Running tours combine exercise, safety and sightseeing

COPENHAGEN – There are extra boxes to check when you go running in a foreign city.

Where can I run that’s safe? How do I not get lost?

If I get out for my run, how do I also squeeze in time for sightseeing when time for both is limited on a business trip?

Guided running tours don’t kill just two birds with one stone, but fell an entire flock.

A trot around central Copenhagen, Denmark, with guide Lena Andersson of Go! Running Tours felt like the ultimate maximizing of time.

Beautiful architecture? Check. Fun and interesting information about what I’m seeing? Check. Talking to, and getting information from, a local? Check. Safety? Check. Runner’s high? Check.

Socializing and exchanging information with other runners? Well, check, if the couple who signed up for my tour hadn’t backed out, citing jet lag. The bonus for me was a private tour – a service Andersson offers as well.

The eight-kilometre “Heart of Copenhagen” route took us past the Little Mermaid statue in the harbour, Parliament, the royal family’s palace and through the city’s green spaces.

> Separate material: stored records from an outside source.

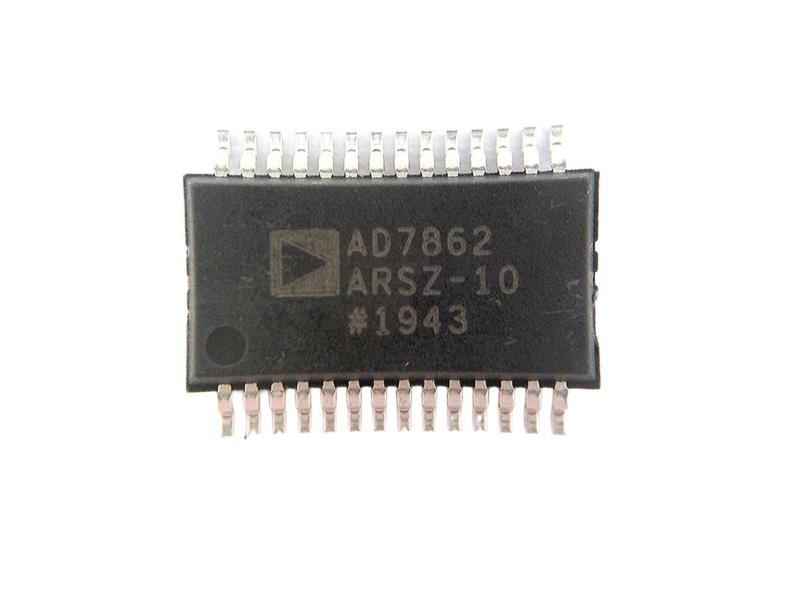 ANALOG DEVICES AD7862ARSZ-10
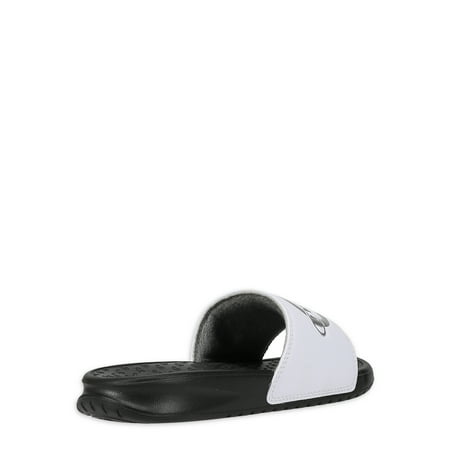 champion colorblock slides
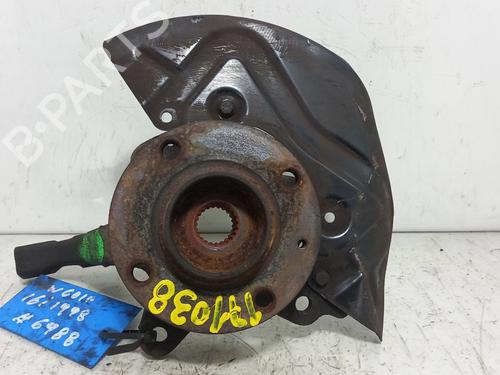 Used Left front steering knuckle VW GOLF III (1H1) [1989-1998]  22221257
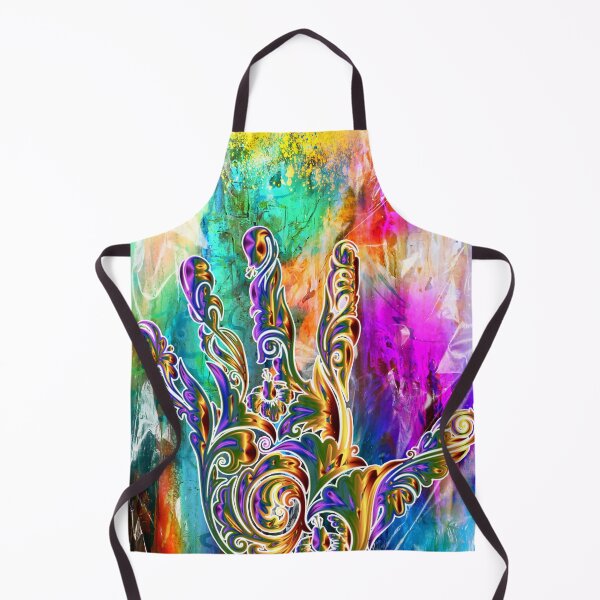 Item preview, The Aesthetics of an Artist's Hand designed and sold by AnnabellaRh.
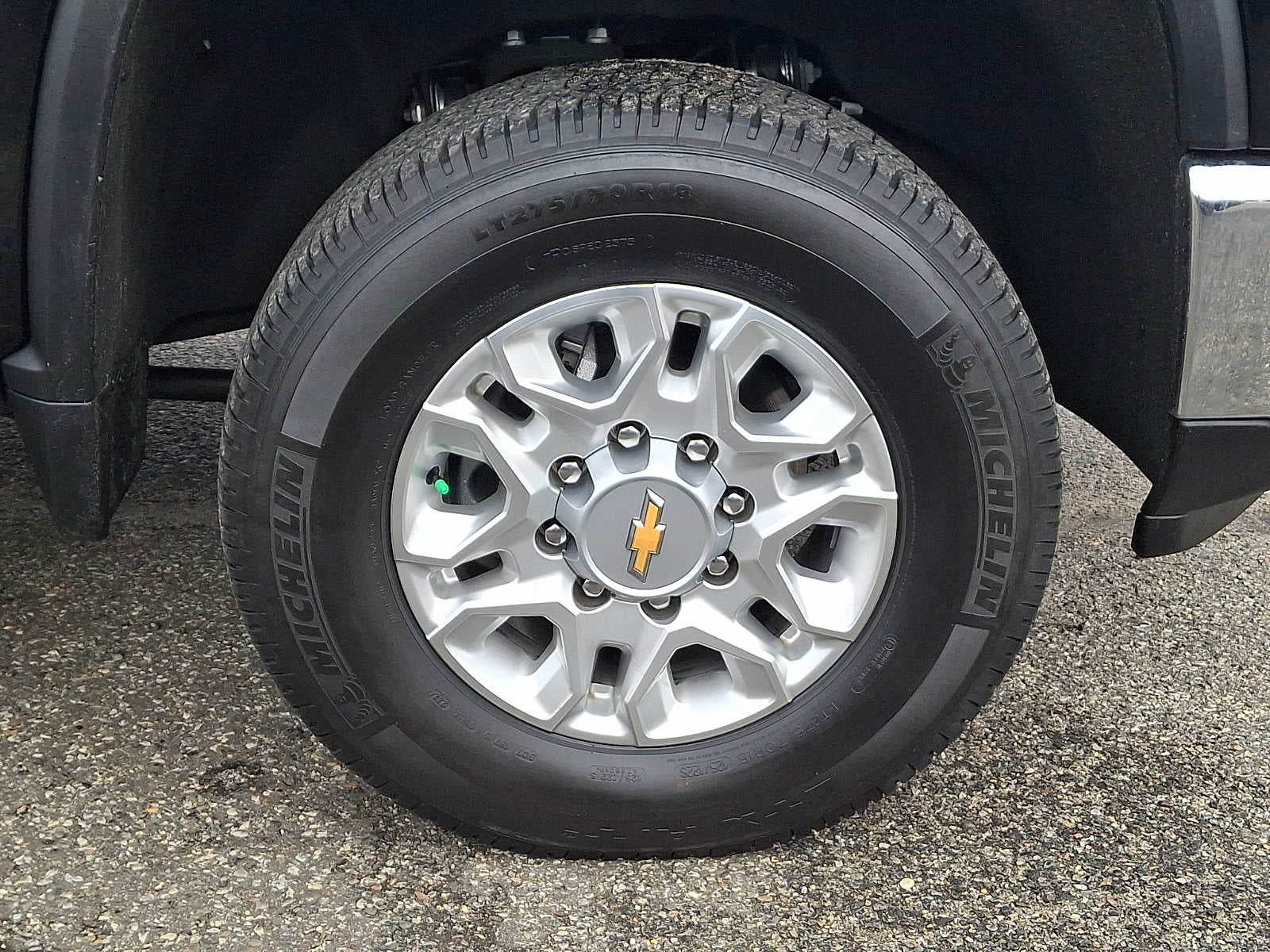 2025 Chevrolet Silverado 2500 HD LTZ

A surprise for both Andersson and me was running right into a movie set for “The Danish Girl” starring Eddie Redmayne. No glimpses of the Oscar winner this day.

With my arrival from Calgary less than 24 hours earlier, the short stops to listen and learn helped me catch my jet-lagged breath.

Ninety minutes later I was full of endorphins and Copenhagen lore. If time is money, it was 195 Danish krone, or $35, well spent.

Andersson asks group-run clients to be comfortable running a pace of about six minutes per kilometre, although she tailors private tours to other paces and distances.

Among the group offerings, there’s a 10-kilometre architectural tour as well as an eight-kilometre loop around the hippie neighbourhood of Christiania.

She’ll guide groups of up to a dozen. If more people sign up, Andersson will bring more guides.

“There’s a huge parallel between runners and foodies,” she said. “Half my job is to provide restaurant recommendations as well. They want to know ‘where do we eat well?”’

Andersson, a Copenhagen native, founded Running Copenhagen in 2011. Just over a year ago, she joined forces with Robin Florax of Running Tour Barcelona to launch Go! Running Tours.

The company now guides runs in almost 30 European cities and also has franchises in Singapore; Cape Town, South Africa; Mexico City; Guanajuato, Mexico; St. Thomas, Virgin Islands; and Sydney, Australia.

Las Vegas and Chicago have come on board in the United States. Andersson is working on expansion to two Canadian cities.

“We’re still very much in the first phase of people getting to know about us,” Andersson said. “If you look at the statistics, there’s so many runners and running is booming everywhere from North America to India to Israel. Low-cost airlines is the best gift for our companies.

“What we see is that the same people run with me in Copenhagen, next month they are on a trip to Budapest or Prague or Athens. It’s the same people who join the tour in different cities.”

In North America there are several independent running tour companies.

There is also the U.S.-based chain City Running Tours, which operates in 16 cities, including the running meccas of New York City and Boston.

Running was always a portable sport. Making it more memorable? Check.